Q1.支払手形記入帳が必要になる理由は?
支払手形記入帳が必要になる理由は、手形の発行状況や支払期日、支払先などを管理するためです。会計処理や税務署類の際に必要な証拠書類として提出する際にも活用されます。
Q2.支払手形記入帳と受取手形記入帳の違いは?
支払手形は商品を購入した際の「支払手形」を記録する帳簿です。それに対し、受取手形記入帳は商品を販売した際に相手から受け取る「受取手形」について入力する帳簿です。
Q3.支払手形記入帳の作成は義務?
支払手形記入帳は補助簿であるため、作成は義務付けられていません。しかし、支払手形記入帳を作成しておけば取引がわかりやすくなるだけでなく、税務調査で書類を提出する際にも役立ちます。
Q4.支払手形記入帳の保管期間は?
支払手形記入帳の保管期限は7年間です。作成は義務ではありませんが、作成した場合は7年間保管することを覚えておきましょう。

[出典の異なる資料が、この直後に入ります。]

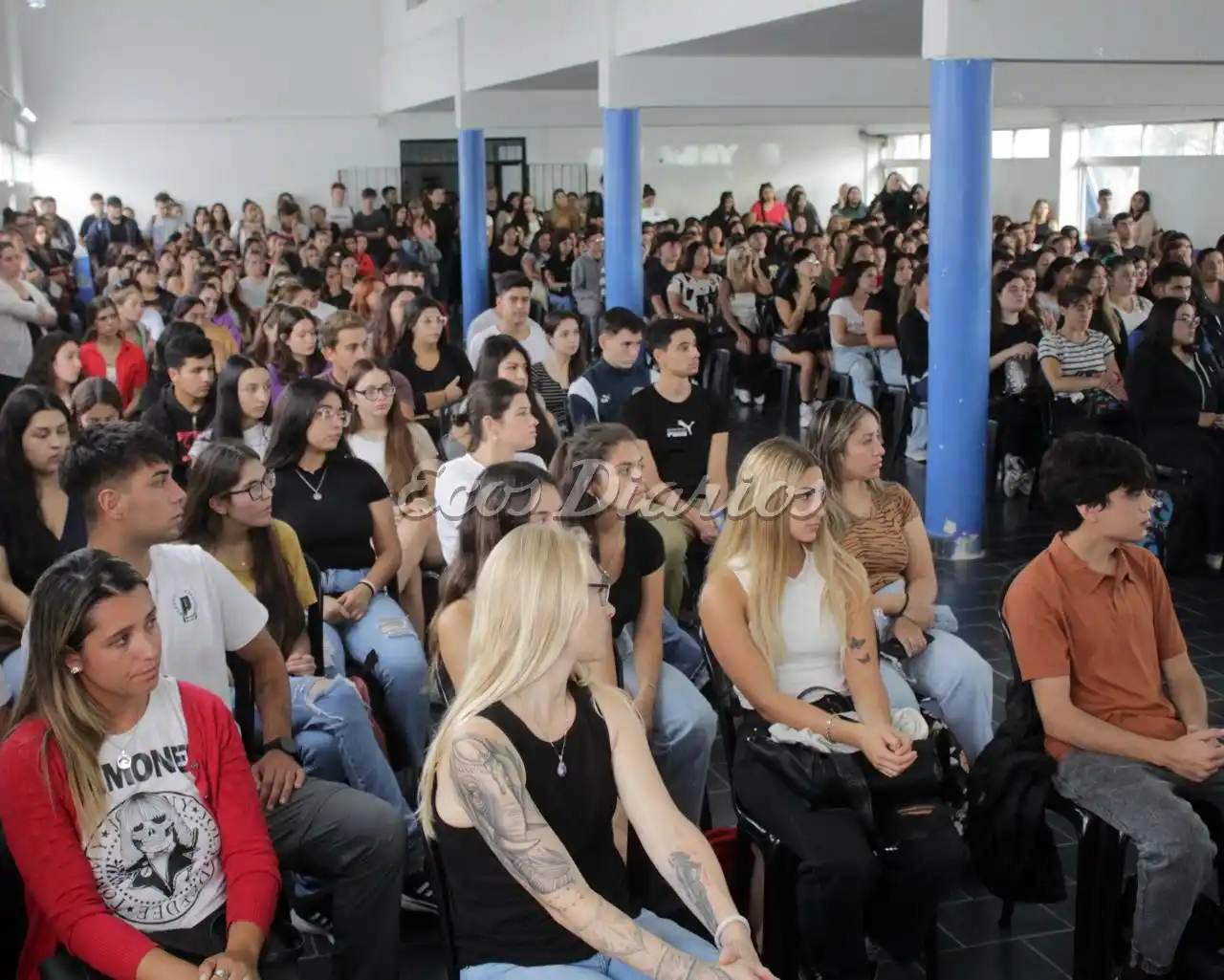 Salón colmado. Hubo cientos de asistentes a la charla previa del ciclo lectivo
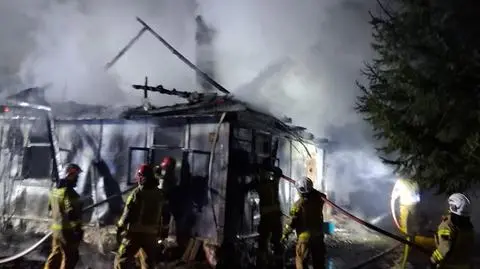 Palił się drewniany dom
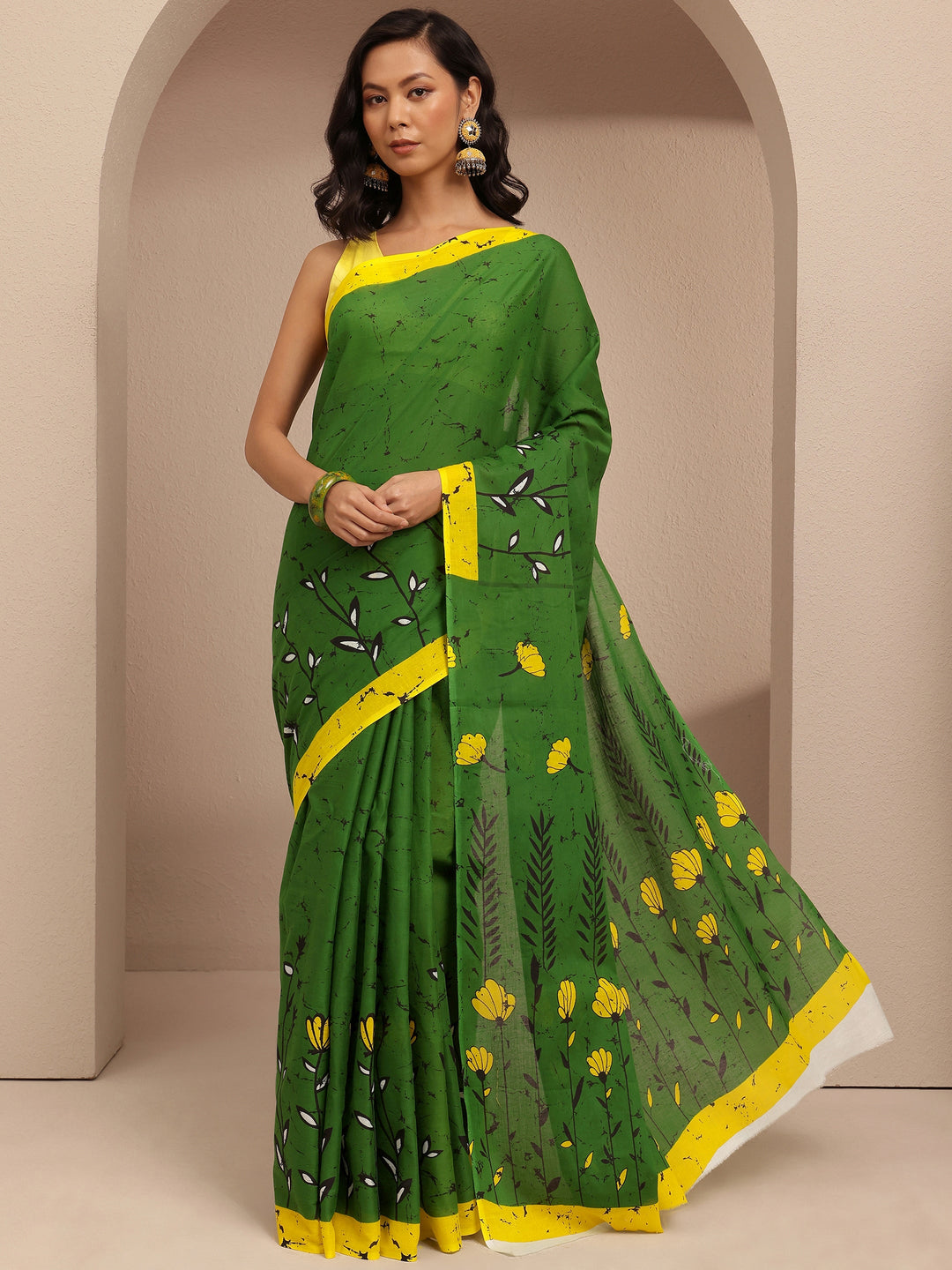 Green Printed Cotton Saree With Unstitched Blouse Piece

Q5.支払手形の満期日に支払われなかった場合、どうすれば良い?
支払手形の満期日に支払われなかった場合はその手形は「不渡手形」となり、2回出すと銀行取引停止となるため、事実上、事業が継続できなくなってしまいます。支払期日を改めた支払期日を再度振り出して支払いを行うことも可能です。
Q6.手形で支払う・受け取る場合の勘定科目は?
支払手形で支払う場合の勘定科目は「支払手形」です。これに対し、受け取る場合は「受取手形」の勘定科目を使用します。
Q7.紙の支払手形はいつ廃止される?
紙の支払手形・小切手はともに2026年末までに廃止予定です。